KİB - Kırk Beşinci Bölüm.

5.6K 422 111
                                    

Sağlık sorunları nedeniyle bölümü beklenenden daha geç atıyorum.

Oy vermeyi unutmayın.

İyi okumalar!

.

.

.

Oda oldukça aydınlıktı. Yapım ekimindeki görevliler son ayarlamaları yaparken kıyafetimi giymiş, Alp'in prova odasından çıkmasını bekliyordum. Nedense hazırlanması benden uzun sürmüştü. Az ileride Arın, Serhat beyle sohbet ediyordu. O yanımda yokken canım sıkılıyordu.

Neyse ki sonunda Alp göründü. "Çok bekletmedim, değil mi?"

Başımı olumsuzca salladım. "Hazırsan başlayalım."

Serhat bey fikrini son anda değiştirdiğini söyleyerek bize ilk kıyafetlerimizi giydirmişti. Üzerimde sevmediğim o kombin duruyordu ama sıkıntı değildi. Bir an önce bitirip gitmek istiyordum sadece.

"Tamam çocuklar, konuştuğumuz gibi." dedi Serhat bey kameranın arkasına geçerken. "Büyük heykelin yanına ilerleyin."

Alp uzun ve büyük adımlarını ilerletip benden önce varmıştı. Arkamı dönüp Arın'a baktığımda kollarını birbirine bağlamış, yüzünde huzursuz bir ifadenin asılı kaldığını gördüm. Ona baktığımı fark ettiğinde kendini gülümsemeye zorladı ve baş parmağını havaya kaldırdı. Ona gülümsedim.
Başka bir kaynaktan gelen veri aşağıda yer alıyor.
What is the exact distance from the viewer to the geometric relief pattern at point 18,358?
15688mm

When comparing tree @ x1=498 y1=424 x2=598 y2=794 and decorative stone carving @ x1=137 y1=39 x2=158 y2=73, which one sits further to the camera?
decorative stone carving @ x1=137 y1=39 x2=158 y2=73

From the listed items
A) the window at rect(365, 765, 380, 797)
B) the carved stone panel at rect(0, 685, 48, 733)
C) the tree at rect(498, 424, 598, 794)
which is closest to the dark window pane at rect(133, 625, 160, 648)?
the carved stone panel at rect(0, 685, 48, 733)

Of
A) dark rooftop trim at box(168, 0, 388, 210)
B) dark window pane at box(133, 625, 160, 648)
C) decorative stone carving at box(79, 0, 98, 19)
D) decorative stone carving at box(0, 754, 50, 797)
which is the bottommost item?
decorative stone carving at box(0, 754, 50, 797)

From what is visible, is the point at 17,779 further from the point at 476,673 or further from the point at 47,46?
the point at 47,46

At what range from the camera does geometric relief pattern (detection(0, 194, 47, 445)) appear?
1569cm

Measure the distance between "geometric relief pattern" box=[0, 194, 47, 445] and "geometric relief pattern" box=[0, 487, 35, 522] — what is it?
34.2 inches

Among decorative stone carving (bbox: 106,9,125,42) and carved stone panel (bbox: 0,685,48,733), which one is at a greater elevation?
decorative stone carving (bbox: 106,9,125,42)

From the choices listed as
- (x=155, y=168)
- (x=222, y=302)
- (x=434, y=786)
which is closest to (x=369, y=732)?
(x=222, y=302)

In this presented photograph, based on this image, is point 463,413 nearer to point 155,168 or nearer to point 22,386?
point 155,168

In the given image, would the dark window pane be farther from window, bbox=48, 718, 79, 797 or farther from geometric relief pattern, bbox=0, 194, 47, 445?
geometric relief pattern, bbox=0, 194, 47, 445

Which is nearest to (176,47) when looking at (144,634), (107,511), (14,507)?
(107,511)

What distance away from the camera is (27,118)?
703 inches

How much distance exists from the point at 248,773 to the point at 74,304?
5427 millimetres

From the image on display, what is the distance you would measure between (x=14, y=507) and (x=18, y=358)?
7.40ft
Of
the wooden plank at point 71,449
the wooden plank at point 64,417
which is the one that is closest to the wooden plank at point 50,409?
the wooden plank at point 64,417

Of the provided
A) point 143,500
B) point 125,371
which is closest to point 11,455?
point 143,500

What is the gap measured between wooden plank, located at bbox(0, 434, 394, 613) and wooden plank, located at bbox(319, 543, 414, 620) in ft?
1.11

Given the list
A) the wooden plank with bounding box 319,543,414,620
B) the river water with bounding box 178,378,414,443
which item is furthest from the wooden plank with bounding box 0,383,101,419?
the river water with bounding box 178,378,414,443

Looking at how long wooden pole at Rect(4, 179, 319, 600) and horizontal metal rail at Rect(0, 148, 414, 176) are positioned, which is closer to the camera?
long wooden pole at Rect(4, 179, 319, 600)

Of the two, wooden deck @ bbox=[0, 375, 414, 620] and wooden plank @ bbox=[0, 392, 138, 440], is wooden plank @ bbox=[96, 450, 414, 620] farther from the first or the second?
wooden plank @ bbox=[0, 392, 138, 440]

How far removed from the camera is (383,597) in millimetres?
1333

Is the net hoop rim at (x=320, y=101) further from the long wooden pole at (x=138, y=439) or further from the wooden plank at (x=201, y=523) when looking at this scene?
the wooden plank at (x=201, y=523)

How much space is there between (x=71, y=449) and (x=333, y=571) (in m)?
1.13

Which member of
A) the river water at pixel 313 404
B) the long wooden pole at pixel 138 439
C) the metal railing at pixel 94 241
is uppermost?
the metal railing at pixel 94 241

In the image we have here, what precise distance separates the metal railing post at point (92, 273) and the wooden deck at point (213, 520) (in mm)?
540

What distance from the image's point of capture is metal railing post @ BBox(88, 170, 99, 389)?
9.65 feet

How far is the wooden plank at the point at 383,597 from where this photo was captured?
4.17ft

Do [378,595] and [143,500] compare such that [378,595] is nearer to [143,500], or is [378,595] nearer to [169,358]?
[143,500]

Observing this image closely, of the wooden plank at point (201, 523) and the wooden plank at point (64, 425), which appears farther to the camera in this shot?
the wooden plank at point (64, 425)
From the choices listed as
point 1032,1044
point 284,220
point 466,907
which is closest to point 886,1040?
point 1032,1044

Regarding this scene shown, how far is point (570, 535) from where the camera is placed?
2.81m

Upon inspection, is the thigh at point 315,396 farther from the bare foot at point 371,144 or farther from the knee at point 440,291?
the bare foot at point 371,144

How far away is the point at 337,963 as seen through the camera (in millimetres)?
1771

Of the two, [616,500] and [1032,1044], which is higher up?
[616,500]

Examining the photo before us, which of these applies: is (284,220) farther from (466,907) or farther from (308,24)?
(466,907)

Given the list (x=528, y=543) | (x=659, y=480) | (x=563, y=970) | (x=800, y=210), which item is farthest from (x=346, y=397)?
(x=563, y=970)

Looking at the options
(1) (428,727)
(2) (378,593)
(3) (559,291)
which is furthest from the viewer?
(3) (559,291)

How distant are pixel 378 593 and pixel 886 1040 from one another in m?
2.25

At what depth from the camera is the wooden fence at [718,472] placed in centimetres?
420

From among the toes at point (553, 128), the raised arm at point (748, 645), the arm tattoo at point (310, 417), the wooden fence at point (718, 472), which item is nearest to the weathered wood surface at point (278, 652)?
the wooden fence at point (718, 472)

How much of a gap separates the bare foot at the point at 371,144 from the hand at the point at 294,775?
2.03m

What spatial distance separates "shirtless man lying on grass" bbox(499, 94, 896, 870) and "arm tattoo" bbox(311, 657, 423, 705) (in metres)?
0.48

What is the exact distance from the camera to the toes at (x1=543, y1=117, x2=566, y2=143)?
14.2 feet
Alp'in çıplak ayaklarını takip ederek Serhat beyin bahsettiği heykelin önüne doğru ilerlerken terliklerimi çıkarmadığım aklıma geldi. Şimdi çıkarıp köşeye atsam sorun olmazdı bence. Çaktırmadan terlikleri çıkarıp köşeye bıraktım.

"Ah!" Kulaklarım acı dolu bir inilti işittiğinde hızla başımı kaldırıp Alp'e baktım. Yüzü acıyla gerilmiş, ayağını tutuyordu. 

Ona doğru ilerlediğim esnada arkamdan hızla yaklaşan kişi beni tuttuğu gibi kucakladı. Gözlerim iri iri açılarak tepemdeki ela gözlere baktım. Arın'ın gözleri hem endişeden hem de öfkeden titriyordu. "Aptal mısın? Onun ayağına batan şeyi görmedin mi? Senin de ayağın çıplak!" diye bağırdı yüzüme doğru.

Hala şaşkınlıkla yüzüne bakıyordum. "Ne battı ki ayağına?"

Başımı çevirerek birkaç adım ileride acıyla ayağını kavrayan Alp'e baktım. Görevliler çoktan çevresini sarmış, ona yardım ediyordu. 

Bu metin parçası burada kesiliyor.